## MATERIAL PROVIDED
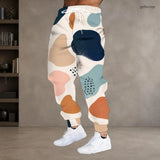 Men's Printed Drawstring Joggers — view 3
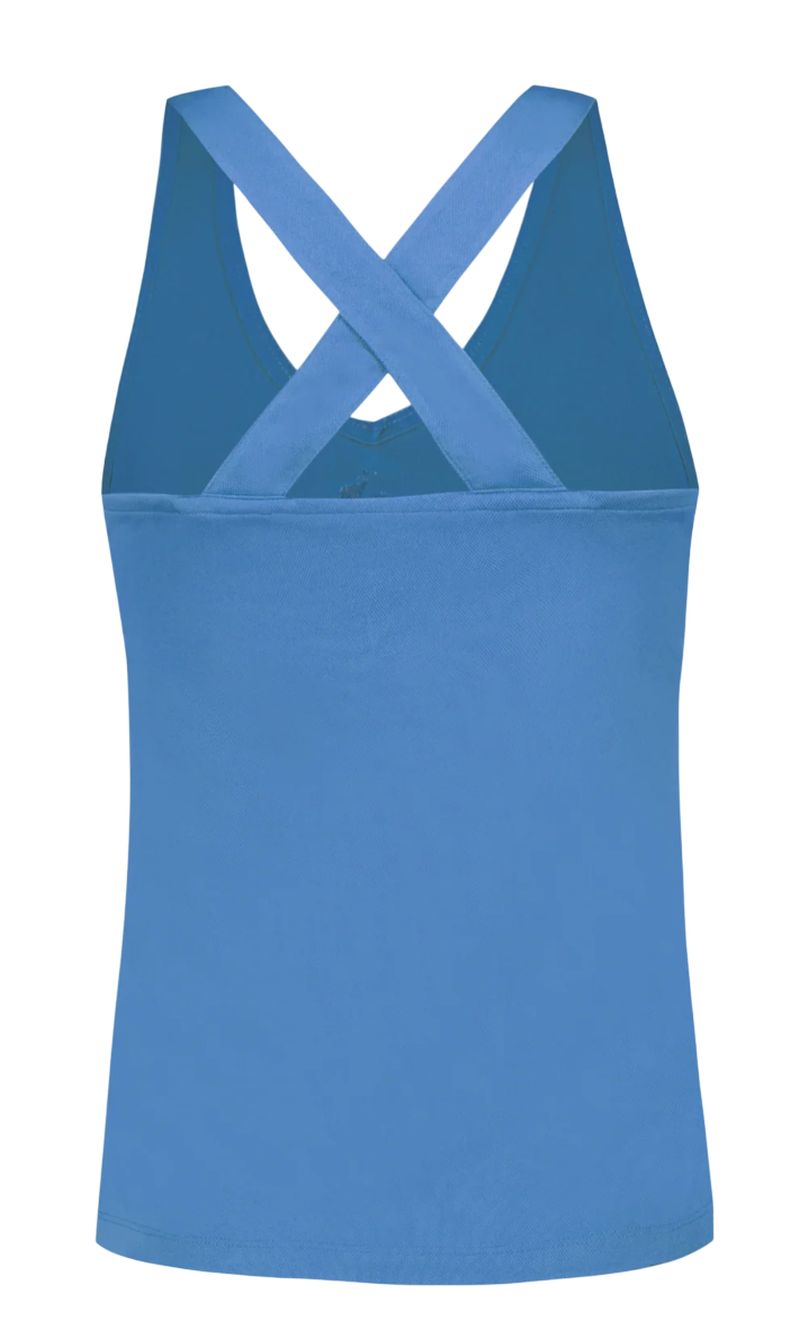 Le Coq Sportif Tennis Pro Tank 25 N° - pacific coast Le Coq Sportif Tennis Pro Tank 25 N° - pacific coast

* * *

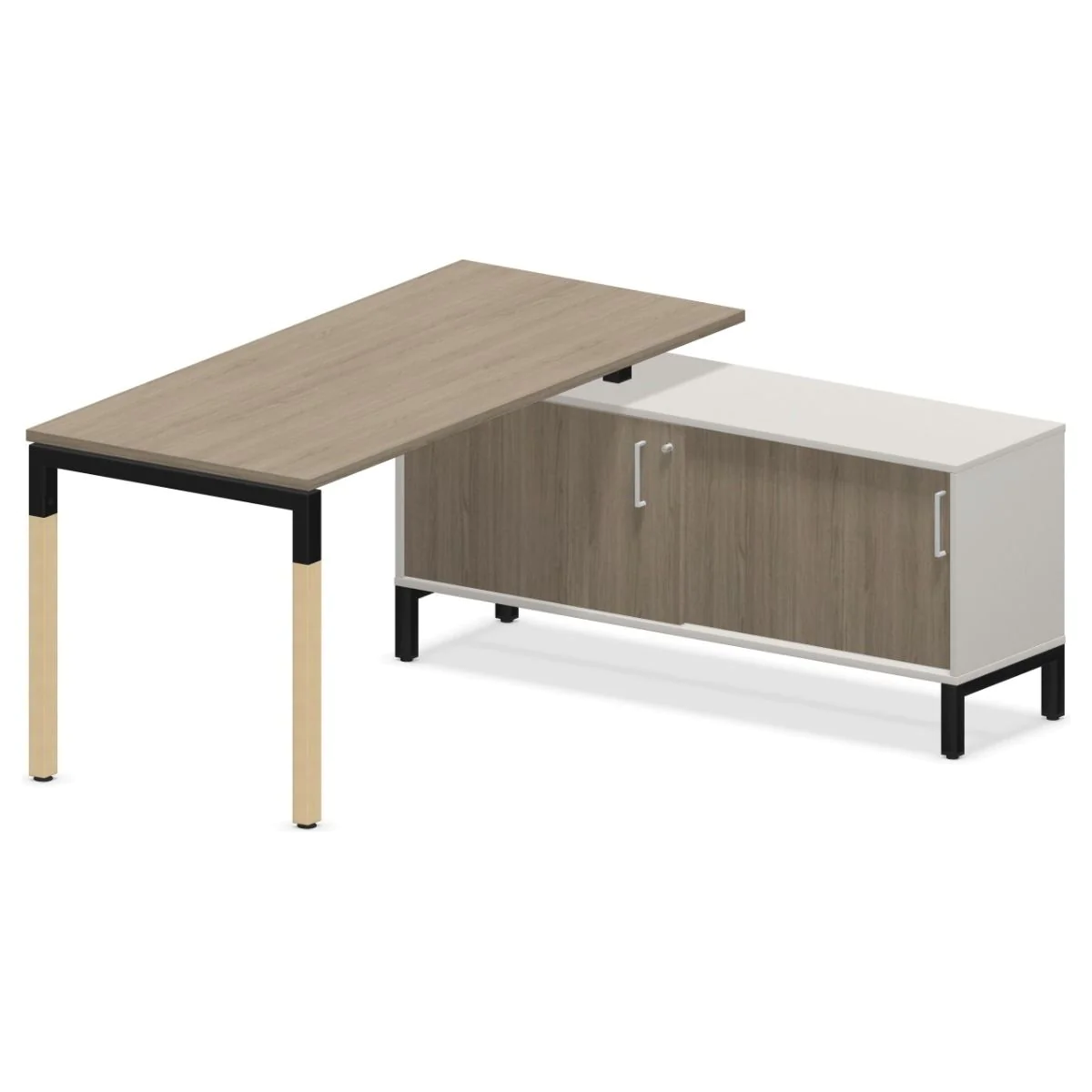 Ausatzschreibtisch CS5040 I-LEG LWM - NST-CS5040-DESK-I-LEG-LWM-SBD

## EXERCISE INSTRUCTIONS
Leaving pictures out, output the lines of the data above from the one with "Men's Printed Drawstring Joggers — view 3" through the one with "pacific coast Le", word for word.

## ANSWER TO THE EXERCISE
 Men's Printed Drawstring Joggers — view 3
 Le Coq Sportif Tennis Pro Tank 25 N° - pacific coast Le Coq Sportif Tennis Pro Tank 25 N° - pacific coast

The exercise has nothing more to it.